One of the conveniences of Python is that it offers several methods that are available for every class to implement which allows that class to behave in ways that are similar to built-in types.
Python officially calls these "special method names". They are also informally called magic methods or dunder methods. Here, "dunder" is short for "double underscore".
For example, what if we want to know how many items are in our stack? We could access the internal list and use len on it.
len(st.items)
But like we mentioned earlier, this is implementation-dependent. What would be better is if could do something like len(st), but Python will tell us that's not possible—for now.
Python offers a way for us to provide such information: by implementing the __len__ method. Underneath, all the built-in len function does is call an object's __len__ method.
[1,2,3,4,5,6].__len__()
So let's add it to our class and implement it.
def __len__(self):
"""
Reports the number of items in the stack.
"""
return len(self._items)
Now, we see that we can call len(st) as desired. This is good for two reasons. First, obviously, this lets us call len directly on a stack. But secondly, this goes back to the idea that we can't rely on _items being how the stack is implemented.

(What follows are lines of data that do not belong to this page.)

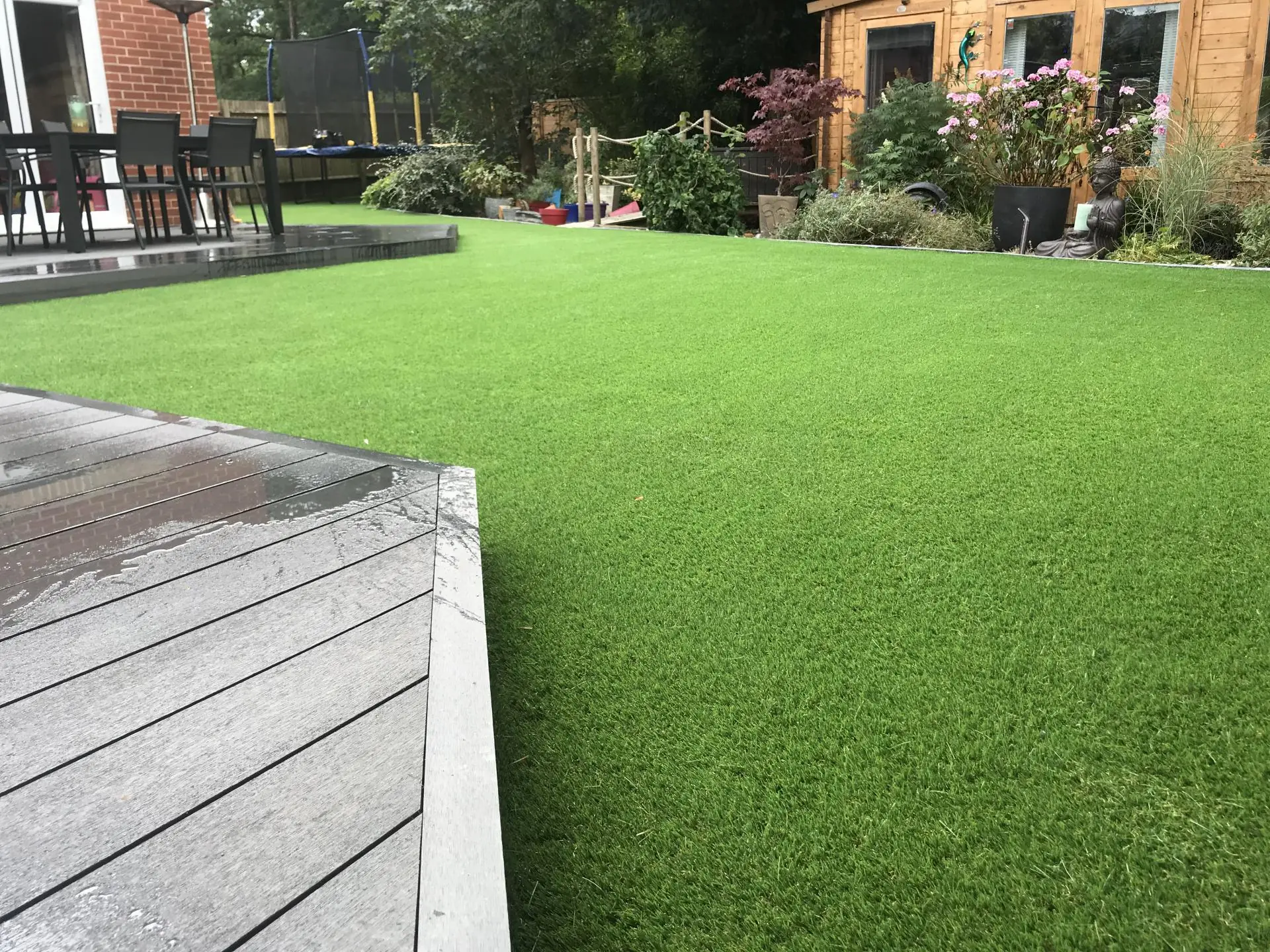 Fake grass with dark brown decking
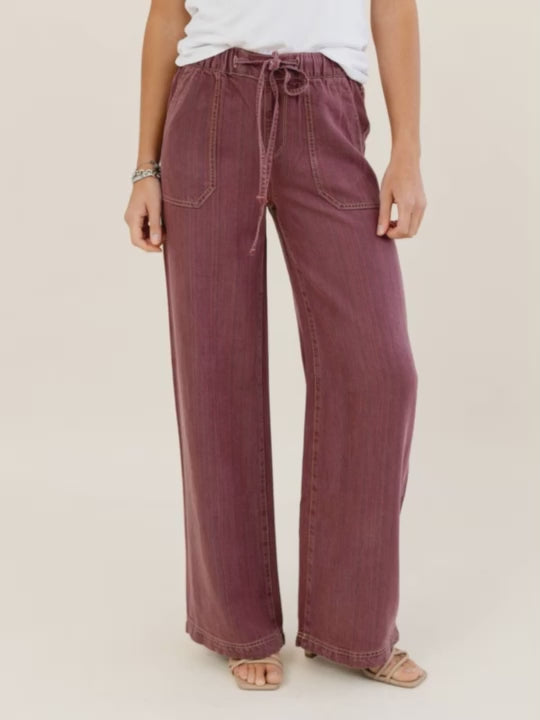 Person wearing maroon wide-leg pants on a beige background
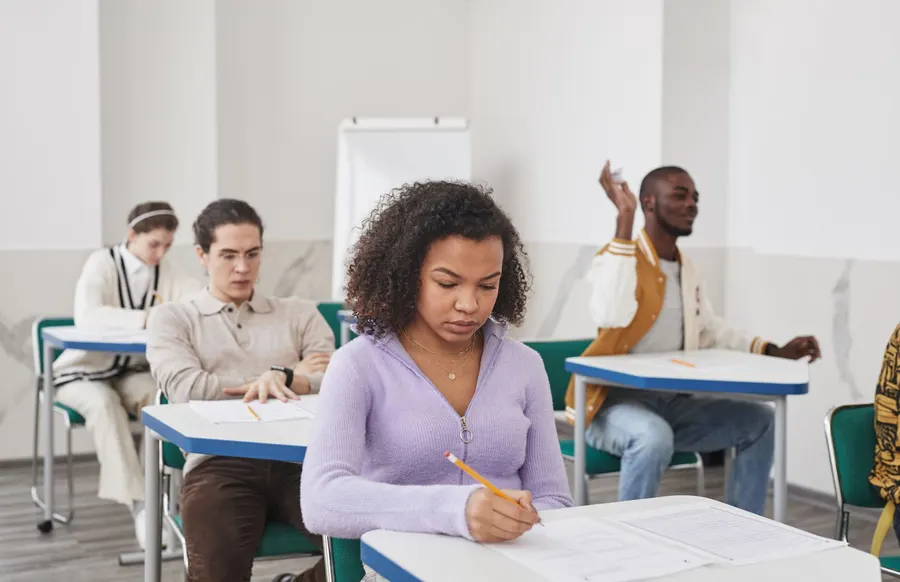 Group of diverse students focusing on exam in classroom setting.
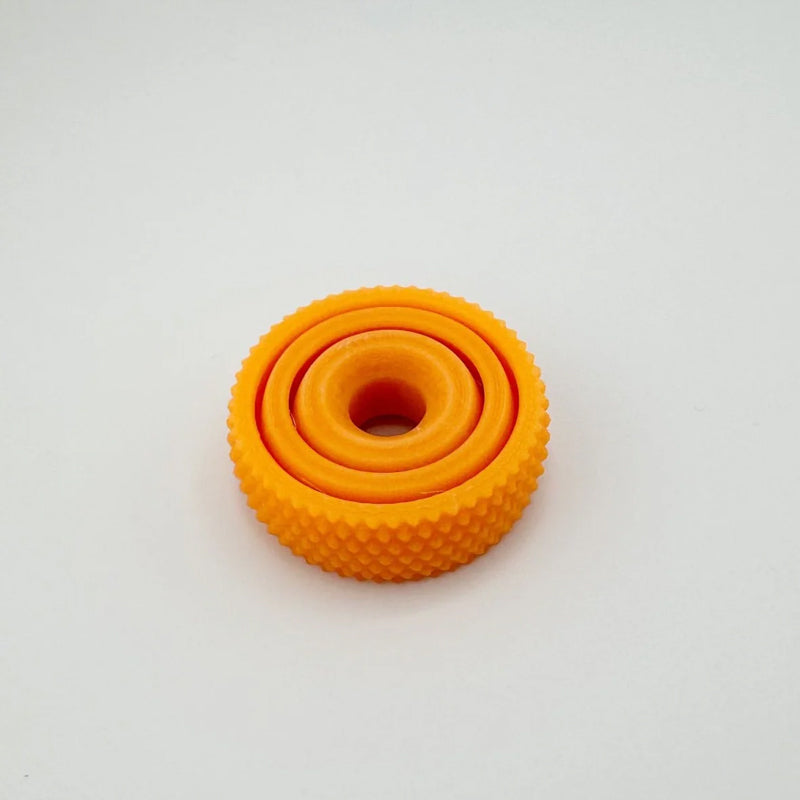 Lifestyle shot of the Concentric Ring Fidget Ball being used for anxiety relief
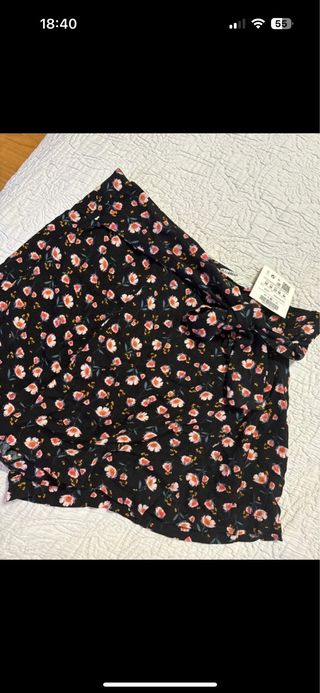 Falta pantalon lazo cremallera flores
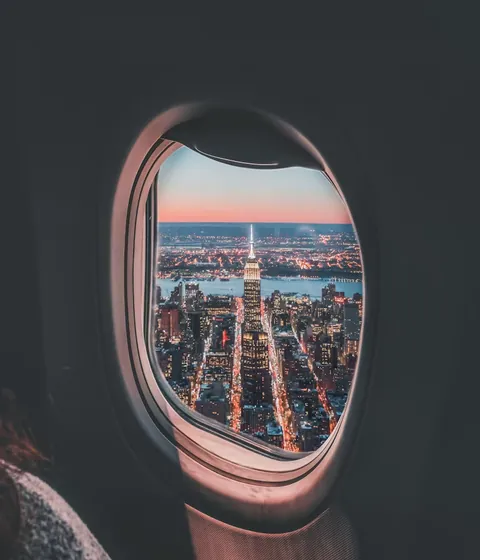 City lights at dusk seen through a window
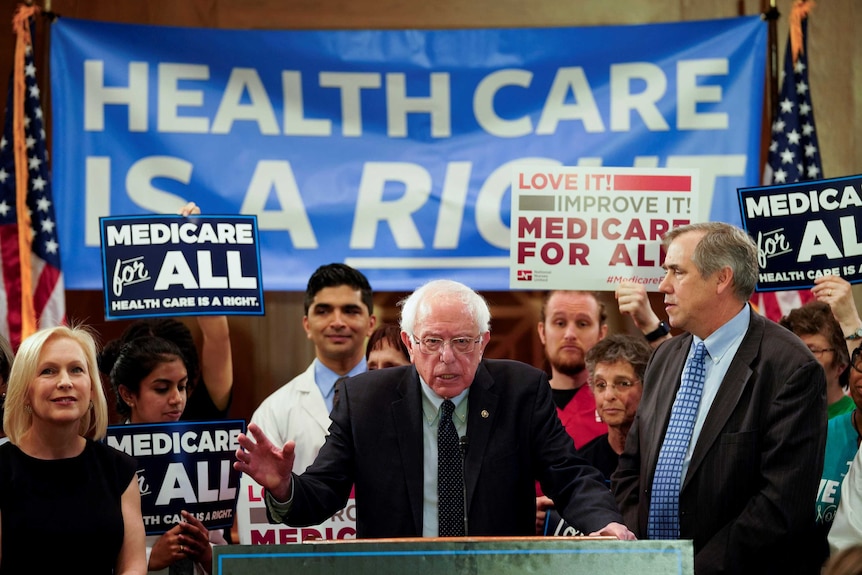 Bernie Sanders at a lectern surrounded by supporters holding "Medicare for all" posters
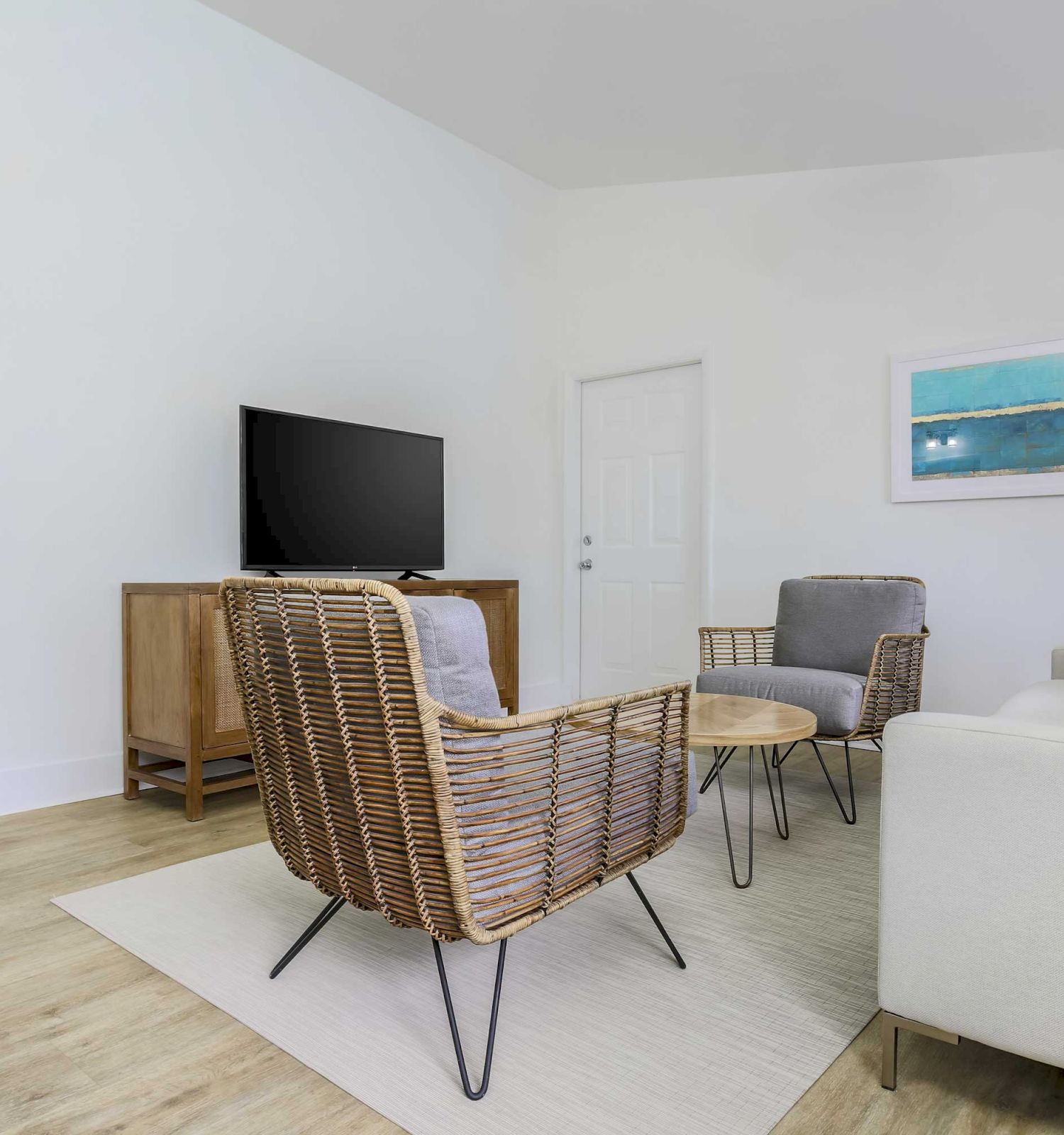 A modern living room with a TV, two wicker chairs, a sofa, a round coffee table, a lamp, and a coastal-themed wall art. A staircase is on the left.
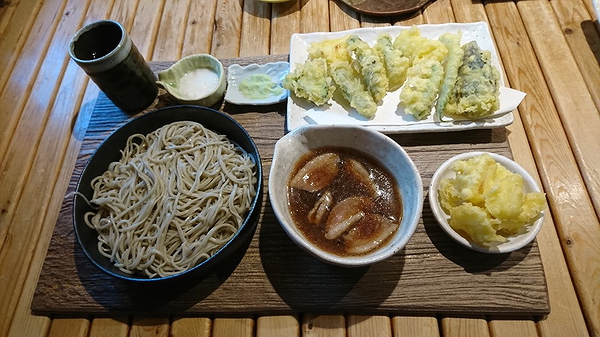 Traditional Japanese soba noodles with tempura and dipping sauce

There are many other such methods and we'll implement a few of them. First, you may have noticed that if we "print" our stack, we don't get anything particularly useful. It tells us that we have an object of a certain class and what its reference is. However, we can implement at dunder method so that we get something more useful.
def __repr__(self):
"""
Produces a string representation of the stack.
"""
strs = []
for val in self._items:
strs.append(str(val))
return f"STACK: {self.items} (Top)"
In fact, there are two such methods: __repr__ and __str__. These two methods produce string representations of our object, but they have slightly different use purposes. __repr__ is meant to be unambiguous and intended as a representation of the object. This is meant for developers. On the other hand, __str__ is meant to be a readable string representation intended for a user.
Another useful method is __eq__, which is for checking equality. Without specifying otherwise, Python will treat x == y by evaluating x is y. In other words, by default, equality tests whether the given objects are the same object. We can implement __eq__ to describe what we want equality to mean.
def __eq__(self, st):
"""
Two stacks are the same if they contain the same values in the same
order.
Input:
st (Stack): the stack being compared to
Output: True if both stacks are equal, False otherwise
"""
return self._items == st._items
Again, it's important to highlight that the reason we want to do this is so that we can be clear about our definition of equality. The obvious case is when we want to change the implementation of our class, but maybe we don't want to consider two stacks to be equal if they contain the same items in the same order. Maybe there's some other notion of equality that we would rather have. We can make those choices in this way.
Here's a fun one: the method __add__ is a function that, if a class implements, allows for objects of that class to use the + operator. This is the reason why we can add two numbers, concatenate lists, or concatenate strings using +.
Again, we have to think: what does "adding" two stacks mean? Does it make sense for it to be the concatenation of the two lists? That can be a choice you make and reason through.
Here, we'll take addition to mean: taking the stack on the right, popping each element from it and pushing it onto the stack in that order.
def __add__(self, st):
"""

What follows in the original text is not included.